Kuasa hukum sebagai subjek?
Tuduhan terhadap Bambang Widjojanto berkaitan dengan posisinya sebagai kuasa hukum atau pengacara dari salah satu pasangan kandidat kepala daerah di Kotawaringin Barat Kalimantan Tengah. Sebenarnya BW hanya satu dari empat orang kuasa hukum yang bersidang di Mahkamah Konstitusi kala itu.

Pasal 242 ayat (1) menyinggung tentang kemungkinan memberi keterangan palsu oleh ‘kuasa khusus yang ditunjuk untuk itu’. SR. Sianturi memberi catatan khusus tentang masalah ini ketika membahas tentang subjek Pasal 242 KUHP. Subjek pasal ini adalah barangsiapa, tetapi kemudian muncul frasa ‘oleh kuasa khusus’. Menurut Sianturi, ini dapat menimbulkan persoalan: mungkinkah kuasa khusus tersebut dikualifikasikan sebagai subjek?

Sianturi berpendapat, jika kuasa khusus tersebut mempunyai pengetahuan atau kesadaran yang sama dengan subjek tentang kepalsuan keterangan tersebut, maka penerima kuasa khusus dapat dikualifikasi sebagai subjek. Dengan alur semacam ini, maka subjek lain seperti ahli, saksi verbalisan, atau jurubahasa bisa dikualifikasi. Tetapi Sianturi menggarisbawahi bahwa tuduhan telah memberikan keterangan secara lisan dan tertulis oleh kuasa khusus itu harus terbukti, dan keterangan itu sudah sampai kepada yang berkepentingan.

Kini, tugas polisi untuk membuktikan apakah BW selaku penerima kuasa khusus benar-benar pernah mengeluarkan keterangan secara lisan atau tertulis, atau menyuruh kliennya memberikan keterangan palsu.

KUHP lain yang ditulis Soenarto Soerodibroto (edisi 2011) mengutip banyak yurisprudensi mengenai Pasal 242 KUHP. Putusan Hoge Raad (HR) 19 Februari 1906 menyatakan kesengajaan untuk memberikan keterangan palsu adalah keadaan bahwa keterangannya adalah palsu atau bertentangan dengan kebenaran. Untuk dapatnya dihukum, hal ini harus dibuktikan. Putusan HR 25 Juni 1928 menegaskan suatu keterangan adalah palsu apabila sebagian dari keterangan itu adalah tidak benar; kecuali jika ini adalah sedemikian rupa sehingga dapat diperkirakan tidak ada kesengajaan untuk memberikan keterangan palsu.

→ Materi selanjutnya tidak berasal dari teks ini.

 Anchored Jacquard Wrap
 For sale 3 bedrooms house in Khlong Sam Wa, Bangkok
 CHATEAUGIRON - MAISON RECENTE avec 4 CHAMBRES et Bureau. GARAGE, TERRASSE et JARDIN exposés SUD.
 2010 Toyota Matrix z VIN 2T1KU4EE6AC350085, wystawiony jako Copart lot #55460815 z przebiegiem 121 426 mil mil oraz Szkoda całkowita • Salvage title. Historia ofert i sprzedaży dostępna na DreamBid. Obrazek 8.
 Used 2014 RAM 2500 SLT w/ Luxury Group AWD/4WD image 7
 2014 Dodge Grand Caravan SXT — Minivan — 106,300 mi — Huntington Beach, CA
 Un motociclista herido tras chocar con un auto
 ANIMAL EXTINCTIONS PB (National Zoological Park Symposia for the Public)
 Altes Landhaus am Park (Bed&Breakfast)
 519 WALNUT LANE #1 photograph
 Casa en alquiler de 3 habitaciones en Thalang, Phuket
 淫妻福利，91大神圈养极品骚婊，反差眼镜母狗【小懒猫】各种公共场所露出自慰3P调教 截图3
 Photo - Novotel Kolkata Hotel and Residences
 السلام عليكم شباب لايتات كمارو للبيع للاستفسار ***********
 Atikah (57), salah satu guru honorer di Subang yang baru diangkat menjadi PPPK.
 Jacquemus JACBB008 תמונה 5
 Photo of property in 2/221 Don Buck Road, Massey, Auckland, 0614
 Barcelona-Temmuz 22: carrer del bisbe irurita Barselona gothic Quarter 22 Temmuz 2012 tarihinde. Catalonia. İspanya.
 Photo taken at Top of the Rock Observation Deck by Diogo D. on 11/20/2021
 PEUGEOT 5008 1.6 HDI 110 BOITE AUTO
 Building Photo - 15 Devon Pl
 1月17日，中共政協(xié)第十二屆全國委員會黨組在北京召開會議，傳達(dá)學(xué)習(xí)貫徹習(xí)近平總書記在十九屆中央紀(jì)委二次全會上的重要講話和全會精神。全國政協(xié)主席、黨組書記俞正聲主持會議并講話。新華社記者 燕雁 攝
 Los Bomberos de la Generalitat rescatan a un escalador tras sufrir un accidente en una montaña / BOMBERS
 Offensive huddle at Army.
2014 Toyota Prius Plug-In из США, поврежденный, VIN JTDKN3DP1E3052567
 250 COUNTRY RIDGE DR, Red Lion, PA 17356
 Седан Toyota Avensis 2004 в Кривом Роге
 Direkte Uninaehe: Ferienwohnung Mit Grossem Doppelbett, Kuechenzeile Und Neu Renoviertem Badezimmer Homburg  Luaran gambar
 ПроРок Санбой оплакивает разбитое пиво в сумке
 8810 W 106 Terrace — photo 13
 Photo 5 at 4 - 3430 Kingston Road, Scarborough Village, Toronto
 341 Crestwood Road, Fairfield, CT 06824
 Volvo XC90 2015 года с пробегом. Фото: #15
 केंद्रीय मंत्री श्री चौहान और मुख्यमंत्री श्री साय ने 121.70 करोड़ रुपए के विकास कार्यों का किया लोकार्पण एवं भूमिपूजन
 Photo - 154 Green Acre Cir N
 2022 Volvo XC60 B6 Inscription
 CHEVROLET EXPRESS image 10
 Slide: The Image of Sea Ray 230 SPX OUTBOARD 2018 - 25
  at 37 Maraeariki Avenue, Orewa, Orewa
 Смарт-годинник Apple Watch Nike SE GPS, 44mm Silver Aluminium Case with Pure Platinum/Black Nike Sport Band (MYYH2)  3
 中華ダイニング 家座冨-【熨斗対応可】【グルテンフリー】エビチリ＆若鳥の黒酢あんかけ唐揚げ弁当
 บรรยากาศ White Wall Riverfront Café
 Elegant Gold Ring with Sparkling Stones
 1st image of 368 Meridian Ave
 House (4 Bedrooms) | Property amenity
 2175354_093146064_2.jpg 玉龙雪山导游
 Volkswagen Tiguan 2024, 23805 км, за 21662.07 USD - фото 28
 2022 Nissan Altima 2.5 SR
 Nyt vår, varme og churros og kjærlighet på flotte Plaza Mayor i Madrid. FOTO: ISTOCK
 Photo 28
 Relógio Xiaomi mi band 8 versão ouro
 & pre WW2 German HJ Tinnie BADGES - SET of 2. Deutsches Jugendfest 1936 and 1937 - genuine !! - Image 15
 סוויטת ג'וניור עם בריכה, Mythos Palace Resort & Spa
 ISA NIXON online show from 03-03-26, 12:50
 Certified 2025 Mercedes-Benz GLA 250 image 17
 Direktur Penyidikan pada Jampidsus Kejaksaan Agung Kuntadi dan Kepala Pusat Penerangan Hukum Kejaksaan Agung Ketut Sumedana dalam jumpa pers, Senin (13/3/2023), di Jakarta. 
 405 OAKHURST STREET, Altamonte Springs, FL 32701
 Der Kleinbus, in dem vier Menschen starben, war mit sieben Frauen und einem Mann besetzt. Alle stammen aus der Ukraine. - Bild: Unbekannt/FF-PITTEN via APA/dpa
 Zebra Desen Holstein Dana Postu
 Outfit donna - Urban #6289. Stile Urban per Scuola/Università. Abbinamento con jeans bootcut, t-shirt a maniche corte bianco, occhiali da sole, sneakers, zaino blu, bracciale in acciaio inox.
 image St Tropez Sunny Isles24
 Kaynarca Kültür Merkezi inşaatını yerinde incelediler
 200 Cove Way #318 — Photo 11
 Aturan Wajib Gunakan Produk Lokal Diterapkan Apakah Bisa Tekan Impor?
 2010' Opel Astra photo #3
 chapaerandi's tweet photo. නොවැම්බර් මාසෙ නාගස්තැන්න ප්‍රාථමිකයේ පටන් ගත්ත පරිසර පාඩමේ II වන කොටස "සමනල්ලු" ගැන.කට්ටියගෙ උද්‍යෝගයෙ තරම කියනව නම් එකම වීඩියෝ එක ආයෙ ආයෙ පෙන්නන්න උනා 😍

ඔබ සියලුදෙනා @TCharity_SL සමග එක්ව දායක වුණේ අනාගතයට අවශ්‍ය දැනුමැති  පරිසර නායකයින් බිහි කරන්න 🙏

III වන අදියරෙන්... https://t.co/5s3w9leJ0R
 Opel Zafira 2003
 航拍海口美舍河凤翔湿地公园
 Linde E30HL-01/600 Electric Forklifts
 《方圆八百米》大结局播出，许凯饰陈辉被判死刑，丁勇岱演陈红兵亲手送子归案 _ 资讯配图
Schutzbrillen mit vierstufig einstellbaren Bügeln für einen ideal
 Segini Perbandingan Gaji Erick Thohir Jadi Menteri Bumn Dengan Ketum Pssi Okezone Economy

Pasal 55 ayat (1) KUHP menyebutkan dipidana sebagai pelaku tindak pidana (a) mereka yang melakukan, yang menyuruh melakukan, dan yang turut serta melakukan perbuatan; (b) mereka yang dengan memberi atau menjanjikan sesuatu dengan menyalahgunakan kekuasaan atau martabat, dengan kekerasan, ancaman atau penyesatan, atau dengan memberi kesempatan, sarana atau keterangan, sengaja menganjurkan orang lain supaya melakukan perbuatan.